1. SELAMA MINGGU I = VIMUTTI SUKKHA. Sang Buddha masih duduk bermeditasi di bawah pohon Bodhi dan menikmati keadaan Nibbana yaitu keadaan yang terbebas sama sekali dari gangguan-gangguan batiniah sehingga batin – Nya tenang sekali dan penuh kedamaian. Sang Buddha merasakan “vimutti sukkha: kebahagiaan yang telah terbebas dari kemelekatan”. Bagi seorang Buddha, yang namanya “milikku”, itu hanyalah ilusi.

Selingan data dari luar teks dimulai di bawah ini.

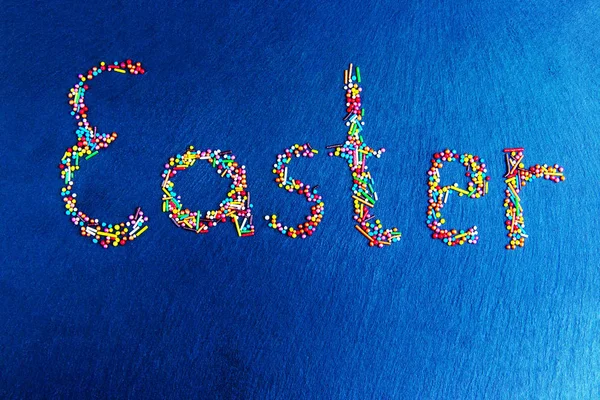 Húsvét fogalom sokszínű cukorka van fektetett ki-ban forma-ból Húsvét-ra egy sötét kék háttér — Stock Fotó
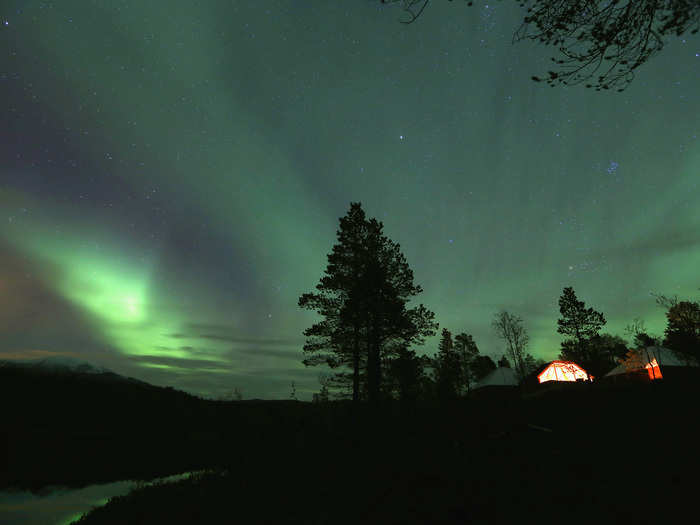 It normally takes between 10 and 30 seconds to take a picture of a bright aurora with a standard DSLR camera.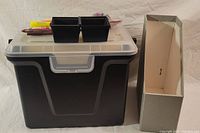 Black plastic file box with a clasped translucent lid and a neutral colored magazine file holder next to it.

Semuanya, hanyalah pinjaman sesaat yang setiap saat pasti akan dikembalikan.

2. SELAMA MINGGU II = KATTANNUKATAVEDI. Sang Buddha berdiri beberapa kaki dari pohon Bodhi dan memandanginya terus-menerus dengan mata tidak berkedip selama satu minggu sebagai ucapan terima kasih dan penghargaan kepada pohon yang telah memberi-Nya tempat untuk berteduh sewaktu berjuang untuk mencapai tingkat Buddha. Refleksi dari “kattannukatavedi: tahu berterima kasih”. Sebagai makhluk sosial yang saling berhubungan dan bergantungan, kita haruslah saling berterima kasih kepada siapapun juga.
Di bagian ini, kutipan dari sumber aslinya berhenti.